Information given section start
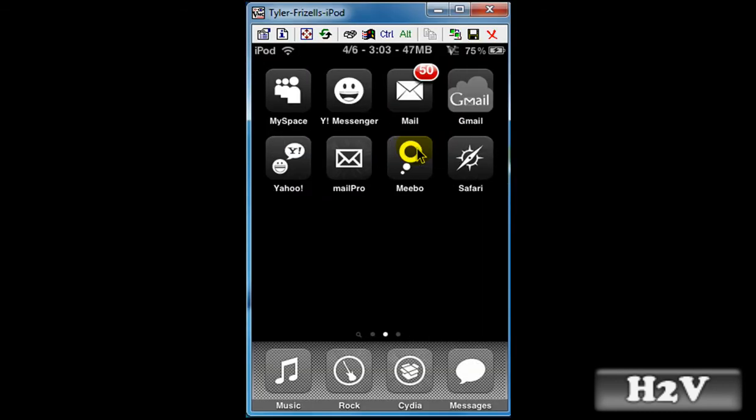And then my Facebook app, which was originally right in front of MySpace, is no longer there.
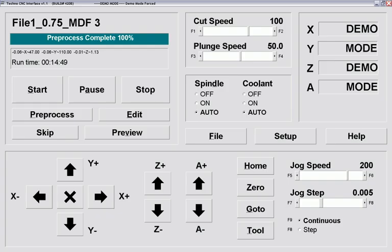We would like to take this opportunity to thank TechnoCNC routers for the use of their simulator, shown here. It has greatly helped CabinetPro LLC in both instruction and development.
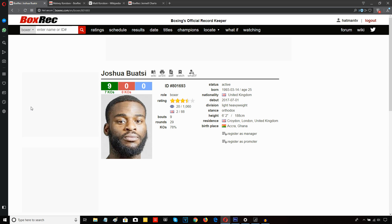Joshua Boatsey knocks out Reynold Quinlan in the first round. Now, let me describe to you exactly what I saw.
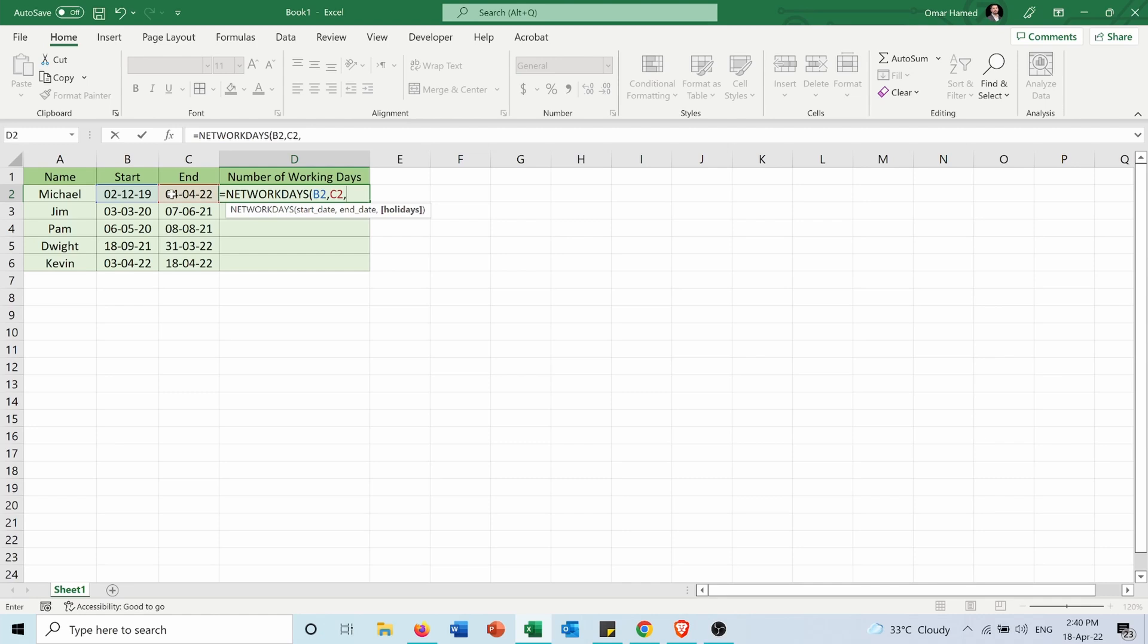So depending on the country that your employees are working in, you can put the number of holidays. Let's say for example, 20, and close the bracket.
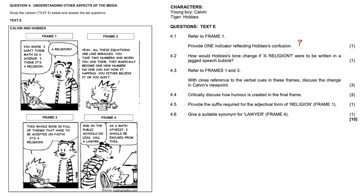4.2, how would Hobbes' tone change if 'a religion' were to be written in a jagged speech bubble? So, you know, something like this. Now that would indicate that he's shocked. He's flabbergasted or even surprised by Calvin's suggestion. So some kind of shock effect there.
Information given section end
▶ What you are asked to do
Copy every record verbatim while leaving each picture out.

▶ Finished exercise
And then my Facebook app, which was originally right in front of MySpace, is no longer there.
We would like to take this opportunity to thank TechnoCNC routers for the use of their simulator, shown here. It has greatly helped CabinetPro LLC in both instruction and development.
Joshua Boatsey knocks out Reynold Quinlan in the first round. Now, let me describe to you exactly what I saw.
So depending on the country that your employees are working in, you can put the number of holidays. Let's say for example, 20, and close the bracket.
4.2, how would Hobbes' tone change if 'a religion' were to be written in a jagged speech bubble? So, you know, something like this. Now that would indicate that he's shocked. He's flabbergasted or even surprised by Calvin's suggestion. So some kind of shock effect there.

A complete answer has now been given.